[Excerpted records Boundary: Start]

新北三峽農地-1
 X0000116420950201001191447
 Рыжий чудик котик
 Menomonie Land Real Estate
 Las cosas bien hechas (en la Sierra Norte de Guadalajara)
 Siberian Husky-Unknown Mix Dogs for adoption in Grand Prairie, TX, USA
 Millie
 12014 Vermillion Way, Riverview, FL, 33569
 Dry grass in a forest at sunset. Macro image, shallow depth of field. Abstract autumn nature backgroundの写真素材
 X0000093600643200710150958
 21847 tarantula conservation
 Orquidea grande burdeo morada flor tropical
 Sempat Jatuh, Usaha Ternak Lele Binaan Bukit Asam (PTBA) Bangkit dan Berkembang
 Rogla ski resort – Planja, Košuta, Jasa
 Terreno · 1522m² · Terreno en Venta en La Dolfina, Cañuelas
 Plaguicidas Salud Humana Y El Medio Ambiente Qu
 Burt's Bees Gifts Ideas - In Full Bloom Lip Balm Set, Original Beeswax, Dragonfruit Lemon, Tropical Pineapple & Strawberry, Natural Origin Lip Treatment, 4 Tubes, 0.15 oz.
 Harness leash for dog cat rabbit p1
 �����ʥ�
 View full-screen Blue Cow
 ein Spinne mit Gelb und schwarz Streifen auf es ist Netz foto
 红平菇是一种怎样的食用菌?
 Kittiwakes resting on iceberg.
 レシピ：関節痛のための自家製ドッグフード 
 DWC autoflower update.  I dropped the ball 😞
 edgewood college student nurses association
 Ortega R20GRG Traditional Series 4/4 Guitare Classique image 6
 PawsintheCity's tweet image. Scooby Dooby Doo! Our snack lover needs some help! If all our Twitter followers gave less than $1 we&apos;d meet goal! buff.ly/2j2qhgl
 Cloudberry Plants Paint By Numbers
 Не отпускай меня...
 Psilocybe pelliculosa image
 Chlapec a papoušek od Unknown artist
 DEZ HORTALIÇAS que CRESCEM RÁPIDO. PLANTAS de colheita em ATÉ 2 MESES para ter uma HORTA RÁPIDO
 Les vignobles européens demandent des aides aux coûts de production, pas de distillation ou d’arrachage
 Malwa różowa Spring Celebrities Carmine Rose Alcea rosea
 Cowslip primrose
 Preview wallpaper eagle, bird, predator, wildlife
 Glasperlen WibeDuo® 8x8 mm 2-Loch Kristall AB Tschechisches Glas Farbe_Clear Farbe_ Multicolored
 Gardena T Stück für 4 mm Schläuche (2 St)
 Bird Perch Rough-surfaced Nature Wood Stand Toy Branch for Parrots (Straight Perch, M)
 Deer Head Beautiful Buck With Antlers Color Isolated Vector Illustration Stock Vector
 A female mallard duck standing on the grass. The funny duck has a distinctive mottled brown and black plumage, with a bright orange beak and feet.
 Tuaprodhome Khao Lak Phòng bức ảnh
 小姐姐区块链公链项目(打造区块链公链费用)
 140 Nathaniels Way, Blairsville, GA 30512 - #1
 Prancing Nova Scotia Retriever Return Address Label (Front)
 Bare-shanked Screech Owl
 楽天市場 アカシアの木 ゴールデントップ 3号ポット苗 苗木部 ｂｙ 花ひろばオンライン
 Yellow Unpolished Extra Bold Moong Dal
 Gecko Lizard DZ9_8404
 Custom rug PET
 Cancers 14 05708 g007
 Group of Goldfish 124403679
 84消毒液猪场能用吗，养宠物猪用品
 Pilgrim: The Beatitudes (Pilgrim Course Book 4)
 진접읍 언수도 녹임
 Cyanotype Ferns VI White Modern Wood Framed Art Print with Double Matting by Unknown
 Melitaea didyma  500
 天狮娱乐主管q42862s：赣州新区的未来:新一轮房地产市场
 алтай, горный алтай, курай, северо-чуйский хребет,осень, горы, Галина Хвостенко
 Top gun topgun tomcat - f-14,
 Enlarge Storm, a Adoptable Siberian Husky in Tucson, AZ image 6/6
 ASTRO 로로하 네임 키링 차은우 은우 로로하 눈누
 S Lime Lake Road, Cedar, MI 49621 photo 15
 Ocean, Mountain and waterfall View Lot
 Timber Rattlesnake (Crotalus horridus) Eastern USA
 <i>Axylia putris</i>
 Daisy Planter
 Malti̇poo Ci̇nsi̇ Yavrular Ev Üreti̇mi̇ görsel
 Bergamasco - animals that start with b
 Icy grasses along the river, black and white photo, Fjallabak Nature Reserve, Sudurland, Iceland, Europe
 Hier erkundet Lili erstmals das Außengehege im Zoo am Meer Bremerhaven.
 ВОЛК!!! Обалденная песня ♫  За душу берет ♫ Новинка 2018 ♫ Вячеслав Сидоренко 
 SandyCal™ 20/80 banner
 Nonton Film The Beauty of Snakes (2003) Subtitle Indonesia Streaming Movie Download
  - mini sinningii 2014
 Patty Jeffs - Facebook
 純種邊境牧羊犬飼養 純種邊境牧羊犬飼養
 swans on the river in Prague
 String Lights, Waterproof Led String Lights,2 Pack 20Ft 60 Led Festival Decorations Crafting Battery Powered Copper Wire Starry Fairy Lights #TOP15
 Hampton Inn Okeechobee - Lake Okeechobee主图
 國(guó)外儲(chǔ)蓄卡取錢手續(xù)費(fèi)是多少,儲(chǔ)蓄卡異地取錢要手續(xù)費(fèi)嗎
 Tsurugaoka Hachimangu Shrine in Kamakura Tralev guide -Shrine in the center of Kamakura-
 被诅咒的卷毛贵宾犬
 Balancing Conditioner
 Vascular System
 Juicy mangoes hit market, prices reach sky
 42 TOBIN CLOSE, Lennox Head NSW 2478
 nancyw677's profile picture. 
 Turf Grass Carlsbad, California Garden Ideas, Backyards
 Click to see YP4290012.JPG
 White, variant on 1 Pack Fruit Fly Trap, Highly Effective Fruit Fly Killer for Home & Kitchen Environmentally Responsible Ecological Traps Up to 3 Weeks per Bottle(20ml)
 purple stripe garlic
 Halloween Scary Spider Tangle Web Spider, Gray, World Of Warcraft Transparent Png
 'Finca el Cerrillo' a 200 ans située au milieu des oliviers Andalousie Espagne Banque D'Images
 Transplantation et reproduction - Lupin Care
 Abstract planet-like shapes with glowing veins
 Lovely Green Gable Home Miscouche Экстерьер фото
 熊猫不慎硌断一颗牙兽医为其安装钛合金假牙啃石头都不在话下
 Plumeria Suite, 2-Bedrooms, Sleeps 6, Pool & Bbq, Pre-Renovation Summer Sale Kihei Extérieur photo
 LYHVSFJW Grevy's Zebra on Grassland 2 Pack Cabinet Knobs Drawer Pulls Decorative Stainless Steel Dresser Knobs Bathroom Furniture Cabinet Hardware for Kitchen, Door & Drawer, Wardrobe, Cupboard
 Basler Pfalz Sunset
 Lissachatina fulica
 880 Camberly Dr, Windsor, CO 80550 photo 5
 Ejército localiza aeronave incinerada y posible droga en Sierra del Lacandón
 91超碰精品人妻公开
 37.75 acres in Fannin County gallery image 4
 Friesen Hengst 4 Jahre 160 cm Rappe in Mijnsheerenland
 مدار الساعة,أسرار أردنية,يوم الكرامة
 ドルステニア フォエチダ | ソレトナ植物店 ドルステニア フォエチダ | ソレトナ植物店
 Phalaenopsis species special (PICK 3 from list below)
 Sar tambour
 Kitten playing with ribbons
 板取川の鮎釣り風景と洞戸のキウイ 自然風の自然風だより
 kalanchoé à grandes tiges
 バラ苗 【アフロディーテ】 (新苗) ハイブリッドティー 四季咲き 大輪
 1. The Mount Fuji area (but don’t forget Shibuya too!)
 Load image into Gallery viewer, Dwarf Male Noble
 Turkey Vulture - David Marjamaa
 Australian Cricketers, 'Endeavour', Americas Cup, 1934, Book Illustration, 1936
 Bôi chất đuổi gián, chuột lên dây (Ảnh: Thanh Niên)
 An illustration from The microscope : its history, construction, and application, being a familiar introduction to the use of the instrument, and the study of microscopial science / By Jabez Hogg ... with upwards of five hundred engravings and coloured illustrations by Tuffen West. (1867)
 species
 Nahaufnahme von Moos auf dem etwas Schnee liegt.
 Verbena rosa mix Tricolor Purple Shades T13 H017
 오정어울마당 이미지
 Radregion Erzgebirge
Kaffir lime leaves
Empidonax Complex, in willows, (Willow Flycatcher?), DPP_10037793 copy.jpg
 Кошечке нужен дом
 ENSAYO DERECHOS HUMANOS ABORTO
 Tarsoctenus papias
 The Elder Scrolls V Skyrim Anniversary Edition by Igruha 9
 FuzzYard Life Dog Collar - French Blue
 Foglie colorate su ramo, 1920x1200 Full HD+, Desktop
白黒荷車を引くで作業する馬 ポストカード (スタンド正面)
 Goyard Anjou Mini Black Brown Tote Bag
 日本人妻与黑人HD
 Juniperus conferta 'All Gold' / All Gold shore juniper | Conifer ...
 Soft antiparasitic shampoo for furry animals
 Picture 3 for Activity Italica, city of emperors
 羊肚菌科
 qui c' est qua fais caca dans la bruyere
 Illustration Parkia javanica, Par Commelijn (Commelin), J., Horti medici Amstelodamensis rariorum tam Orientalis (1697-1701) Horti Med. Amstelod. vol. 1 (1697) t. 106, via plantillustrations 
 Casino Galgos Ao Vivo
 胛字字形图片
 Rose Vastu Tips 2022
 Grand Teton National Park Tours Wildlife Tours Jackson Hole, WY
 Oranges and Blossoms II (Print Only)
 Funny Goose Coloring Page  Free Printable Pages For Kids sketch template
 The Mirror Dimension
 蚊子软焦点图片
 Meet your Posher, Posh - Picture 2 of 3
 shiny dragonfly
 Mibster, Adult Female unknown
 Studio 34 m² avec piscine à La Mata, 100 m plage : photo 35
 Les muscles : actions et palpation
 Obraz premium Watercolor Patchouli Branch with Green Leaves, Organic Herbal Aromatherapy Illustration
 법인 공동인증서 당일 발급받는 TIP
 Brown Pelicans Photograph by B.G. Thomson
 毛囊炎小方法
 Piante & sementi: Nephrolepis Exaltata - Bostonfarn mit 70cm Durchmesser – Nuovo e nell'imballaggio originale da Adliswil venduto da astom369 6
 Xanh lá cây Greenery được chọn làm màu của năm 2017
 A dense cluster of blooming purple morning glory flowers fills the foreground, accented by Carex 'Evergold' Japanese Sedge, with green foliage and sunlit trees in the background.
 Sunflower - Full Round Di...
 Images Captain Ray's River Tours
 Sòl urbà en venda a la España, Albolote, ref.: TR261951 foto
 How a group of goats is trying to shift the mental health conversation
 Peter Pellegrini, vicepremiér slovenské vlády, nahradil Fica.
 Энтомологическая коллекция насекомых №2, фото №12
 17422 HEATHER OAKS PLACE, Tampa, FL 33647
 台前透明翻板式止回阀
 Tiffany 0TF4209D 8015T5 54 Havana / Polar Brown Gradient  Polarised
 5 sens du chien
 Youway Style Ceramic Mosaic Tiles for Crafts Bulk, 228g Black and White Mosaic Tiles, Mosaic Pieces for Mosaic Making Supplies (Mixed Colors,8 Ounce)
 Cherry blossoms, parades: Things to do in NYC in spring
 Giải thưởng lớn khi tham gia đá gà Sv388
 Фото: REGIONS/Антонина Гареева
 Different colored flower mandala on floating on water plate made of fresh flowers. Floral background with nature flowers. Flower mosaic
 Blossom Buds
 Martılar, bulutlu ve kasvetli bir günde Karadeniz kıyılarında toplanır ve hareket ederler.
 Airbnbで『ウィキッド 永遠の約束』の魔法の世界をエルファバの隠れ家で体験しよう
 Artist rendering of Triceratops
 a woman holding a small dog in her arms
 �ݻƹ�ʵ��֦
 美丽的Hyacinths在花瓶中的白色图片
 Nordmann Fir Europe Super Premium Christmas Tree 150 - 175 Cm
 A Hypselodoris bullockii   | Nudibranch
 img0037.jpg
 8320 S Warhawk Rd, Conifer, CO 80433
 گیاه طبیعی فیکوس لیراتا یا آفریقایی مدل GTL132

[Excerpted records Boundary: End]

Activity |
In the listing above, find the line with "Juniperus conferta 'All" and the line with "Rose Vastu Tips 2022"; output exactly those lines and all lines between them.

Response below |
 Juniperus conferta 'All Gold' / All Gold shore juniper | Conifer ...
 Soft antiparasitic shampoo for furry animals
 Picture 3 for Activity Italica, city of emperors
 羊肚菌科
 qui c' est qua fais caca dans la bruyere
 Illustration Parkia javanica, Par Commelijn (Commelin), J., Horti medici Amstelodamensis rariorum tam Orientalis (1697-1701) Horti Med. Amstelod. vol. 1 (1697) t. 106, via plantillustrations 
 Casino Galgos Ao Vivo
 胛字字形图片
 Rose Vastu Tips 2022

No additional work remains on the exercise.